Każdy znaczący kontrakt bez powiązanej umowy SLA (sprawdzonej przez radcę prawnego) może być celowo lub nieumyślnie błędnie zinterpretowany. Umowa SLA chroni obie strony kontraktu. Idealnie byłoby, gdyby SLA było dostosowane do technologii lub celów biznesowych. Niewspółosiowość może negatywnie wpływać na ceny transakcji, jakość świadczenia usług i obsługę klienta.
Strategia na SLA
Planując strategię ochrony danych lub odzyskiwania ich po awarii, należy wziąć pod uwagę kilka kryteriów, by móc dostosować się do tego, jaki wpływ posiadają różne aplikacje i jakie obciążenie mają one na działalność. Analiza wpływu na biznes może pomóc w ocenie i rozważeniu konsekwencji, zarówno finansowych, jak i niefinansowych, jakie wiążą się z przerwą w działalności biznesowej. Te ustalenia mogą pomóc organizacjom w określeniu ich umów dotyczących poziomu usług (SLA) lub dostępności oczekiwanych przez klienta od jednostki świadczącej usługę. Najczęściej wiele umów SLA definiuje się w zależności od różnych poziomów krytyczności, które zostały określone podczas wspomnianej analizy.

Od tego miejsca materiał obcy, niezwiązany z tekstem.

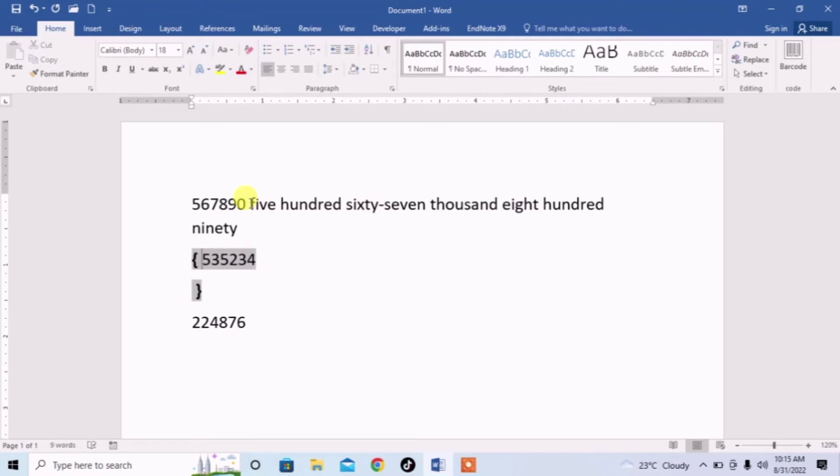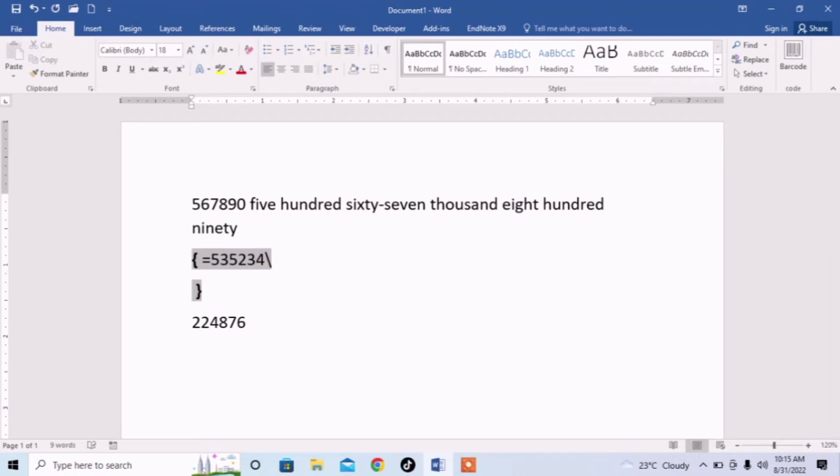Now, on the left side of this number type equal and on the right side of this number type backslash, asterisk which you will type by pressing shift and 8 button. Type asterisk and then type cardtext.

Najczęściej używanymi umowami SLA są:
- 99%, czyli „dwa razy 9” – odpowiadająca 3 dniom 15 godzin i 36 minutom przestoju w roku,
- 99,9%, czyli „trzy razy 9”, odpowiadająca 8 godzinom 45 minutom i 36 sekundom przestoju w roku,
- 99,99%, czyli „cztery razy 9”, odpowiadająca 52 minutom i 34 sekundom przestoju w roku.
Umowy SLA dotyczące dostępności są tłumaczone przez dział IT lub dostawcę usług na przystępną cenowo utratę danych i nieplanowane przestoje. Recovery Point Objective (RPO) i Recovery Time Objective (RTO) to dwie najważniejsze konstrukcje umowy SLA i reprezentują te cele.
Najważniejsze parametry przy planowaniu SLA
Na pierwszy rzut oka te dwa terminy wydają się być dość podobne. Najlepszym sposobem na zrozumienie różnicy między nimi jest skojarzenie „RP” w „RPO” poprzez wyobrażenie sobie, że oznaczają one „Rewrite Parameters” i „RT” w „RTO” jako „Real-Time”.
Co oznacza RPO w ochronie danych w chmurze?
Cel punktu odzyskiwania (RPO) opisuje przedział czasu, który może upłynąć podczas zakłócenia, zanim ilość danych utraconych w tym okresie przekroczy maksymalny dopuszczalny próg lub „tolerancję” planu ciągłości działania.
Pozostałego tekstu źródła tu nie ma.